=== Begin Enclosure ===

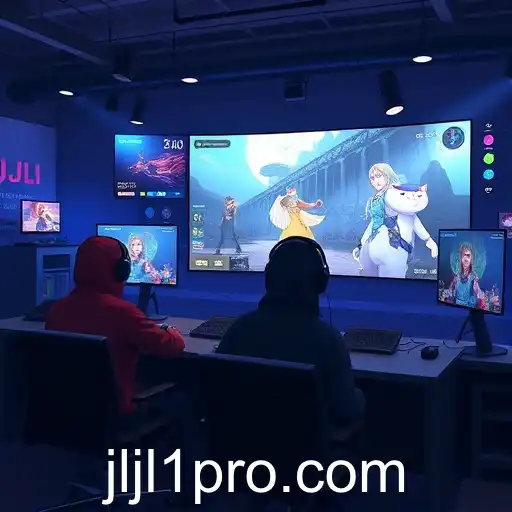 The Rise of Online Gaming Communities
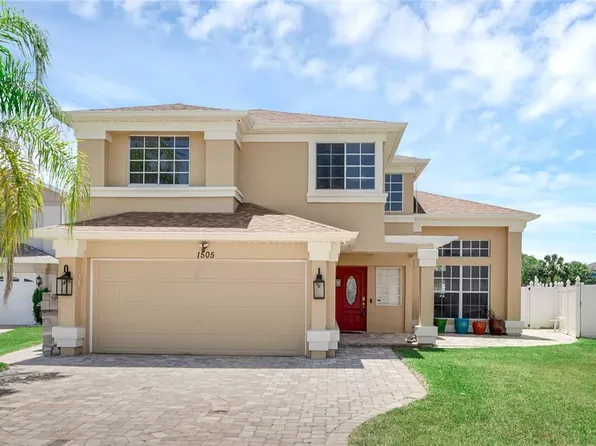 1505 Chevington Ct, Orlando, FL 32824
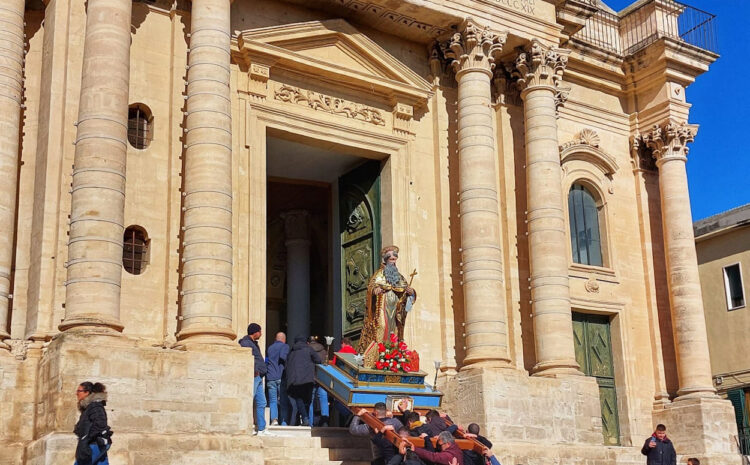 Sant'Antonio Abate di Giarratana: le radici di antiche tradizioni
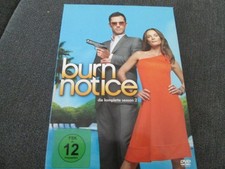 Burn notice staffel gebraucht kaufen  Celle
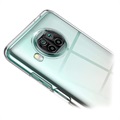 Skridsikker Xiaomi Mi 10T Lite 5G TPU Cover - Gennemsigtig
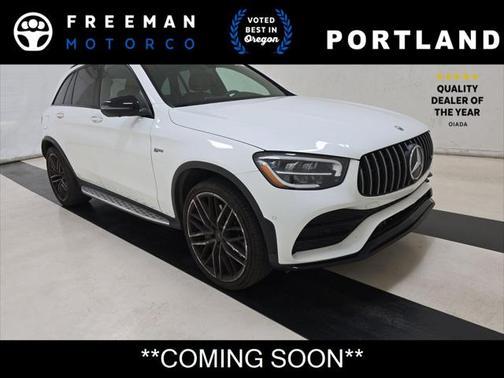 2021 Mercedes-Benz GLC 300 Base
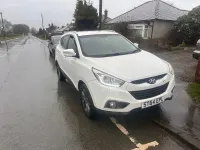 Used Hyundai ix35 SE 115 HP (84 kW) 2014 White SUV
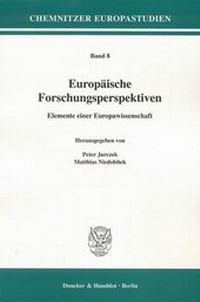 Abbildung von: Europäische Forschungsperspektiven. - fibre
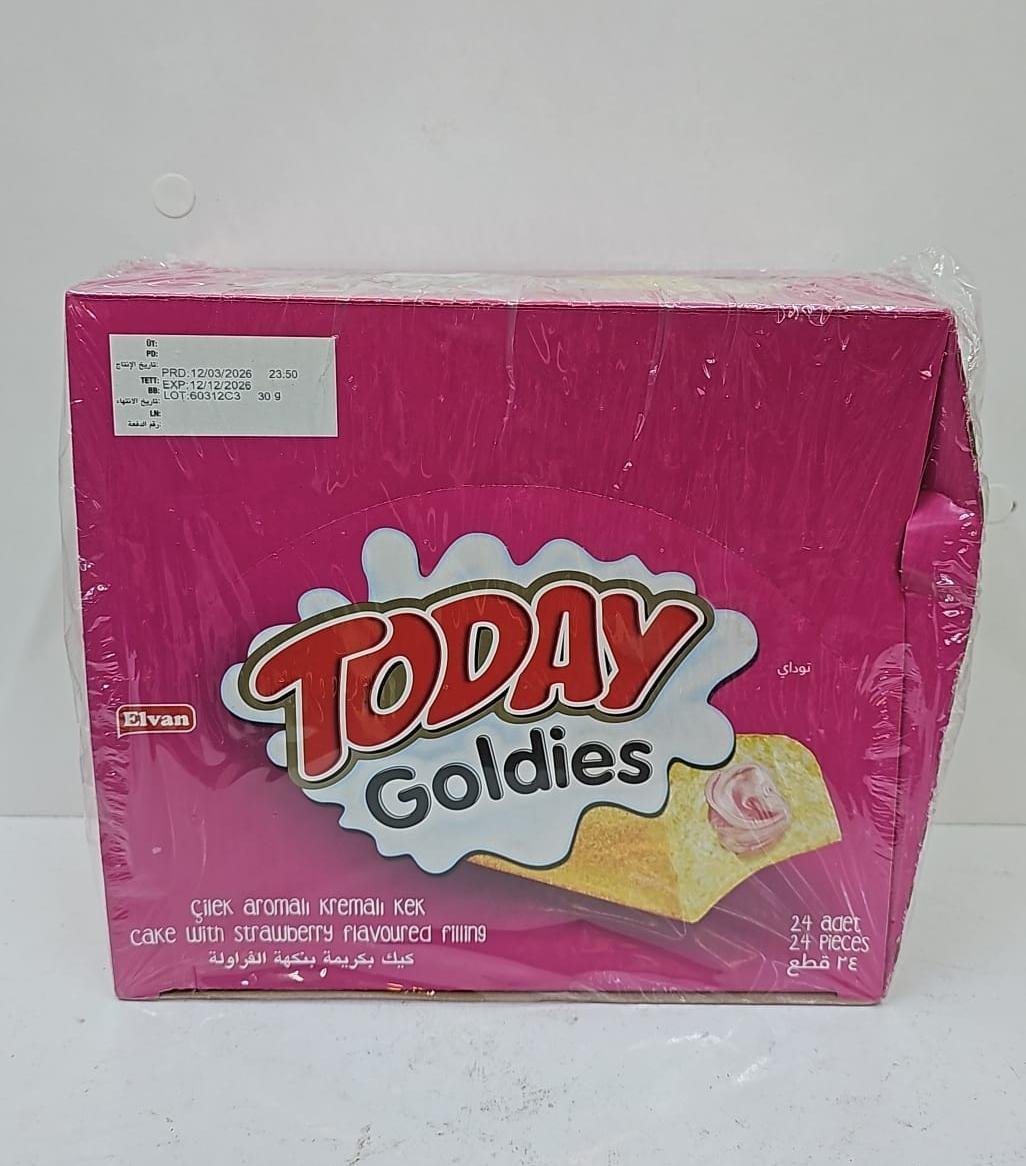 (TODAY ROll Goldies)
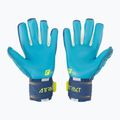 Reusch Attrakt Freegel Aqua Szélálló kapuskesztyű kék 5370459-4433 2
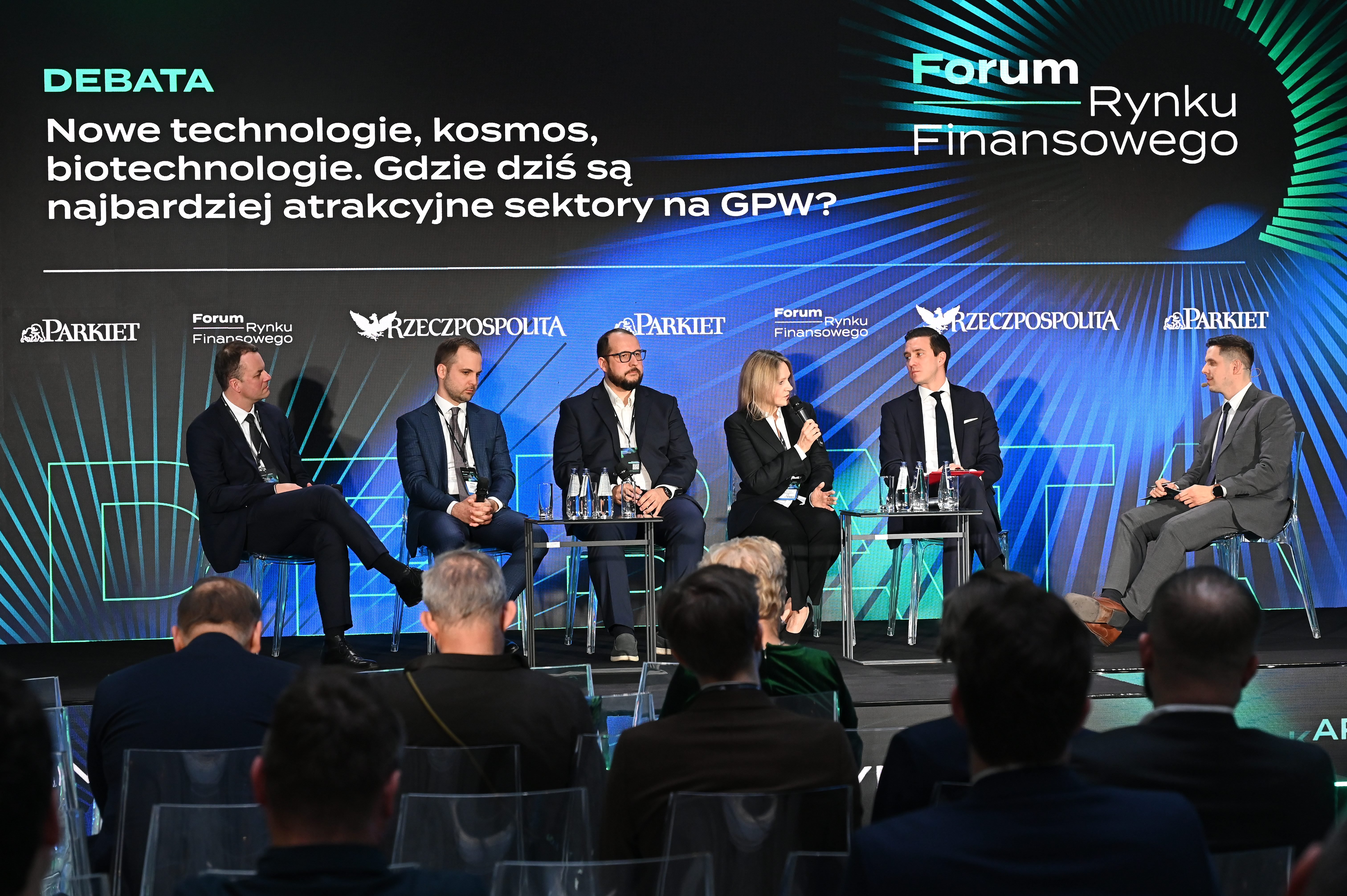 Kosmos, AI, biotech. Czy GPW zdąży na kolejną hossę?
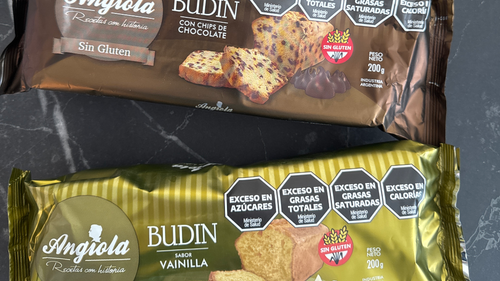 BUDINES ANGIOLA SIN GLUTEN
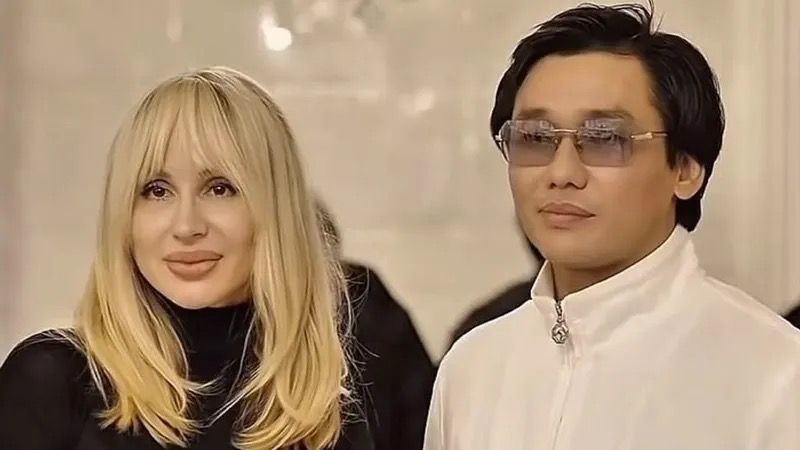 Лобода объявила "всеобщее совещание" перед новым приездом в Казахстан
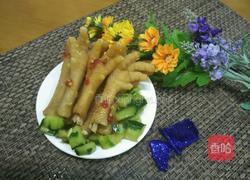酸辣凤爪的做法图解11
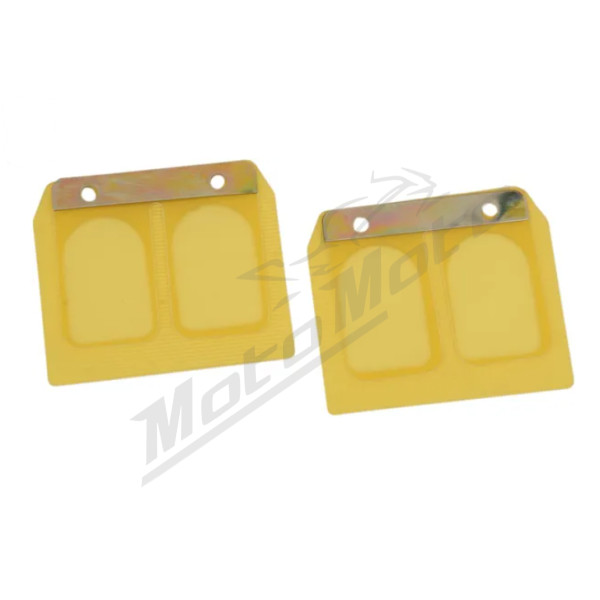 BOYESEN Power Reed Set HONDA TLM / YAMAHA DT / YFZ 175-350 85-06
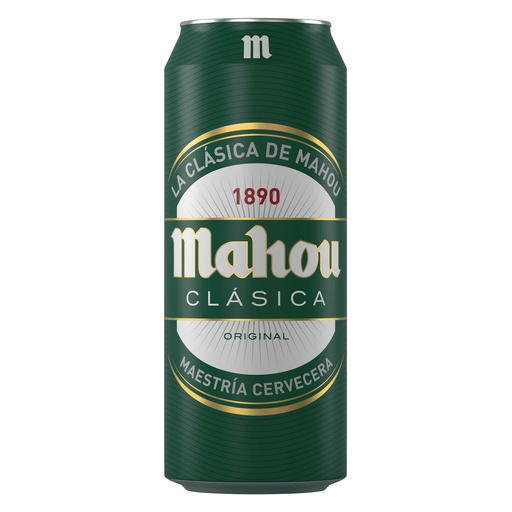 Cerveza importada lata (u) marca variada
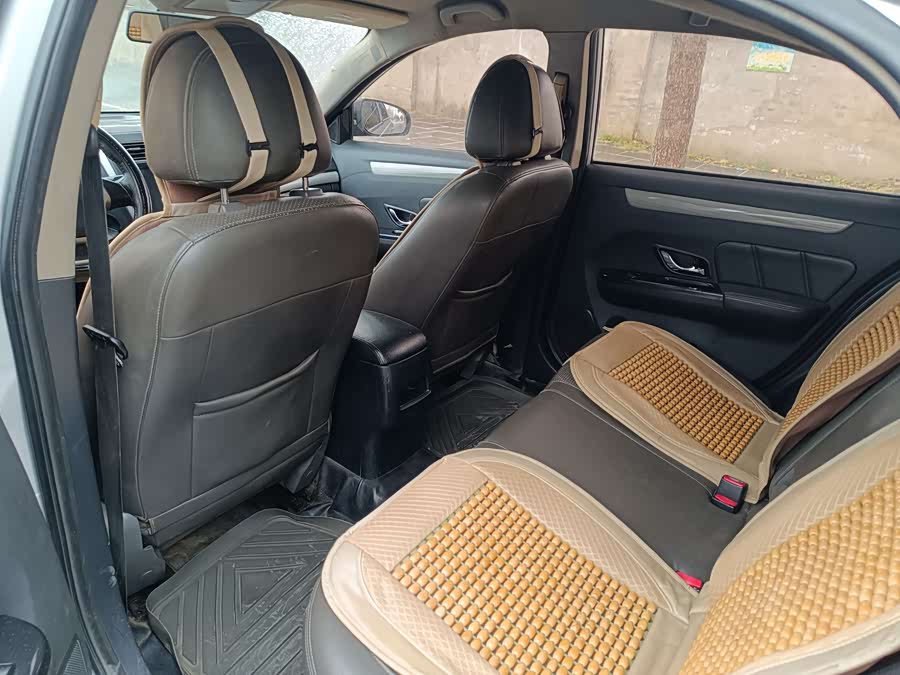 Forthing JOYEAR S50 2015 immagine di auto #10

=== End Enclosure ===

#### THE TASK
Starting at the line with "Skridsikker Xiaomi Mi", write out every line exactly through the final line of the records above, both included, and skip the pictures.

#### SOLUTION TO THIS EXERCISE
 Skridsikker Xiaomi Mi 10T Lite 5G TPU Cover - Gennemsigtig
 2021 Mercedes-Benz GLC 300 Base
 Used Hyundai ix35 SE 115 HP (84 kW) 2014 White SUV
 Abbildung von: Europäische Forschungsperspektiven. - fibre
 (TODAY ROll Goldies)
 Reusch Attrakt Freegel Aqua Szélálló kapuskesztyű kék 5370459-4433 2
 Kosmos, AI, biotech. Czy GPW zdąży na kolejną hossę?
 BUDINES ANGIOLA SIN GLUTEN
 Лобода объявила "всеобщее совещание" перед новым приездом в Казахстан
酸辣凤爪的做法图解11
 BOYESEN Power Reed Set HONDA TLM / YAMAHA DT / YFZ 175-350 85-06
 Cerveza importada lata (u) marca variada
 Forthing JOYEAR S50 2015 immagine di auto #10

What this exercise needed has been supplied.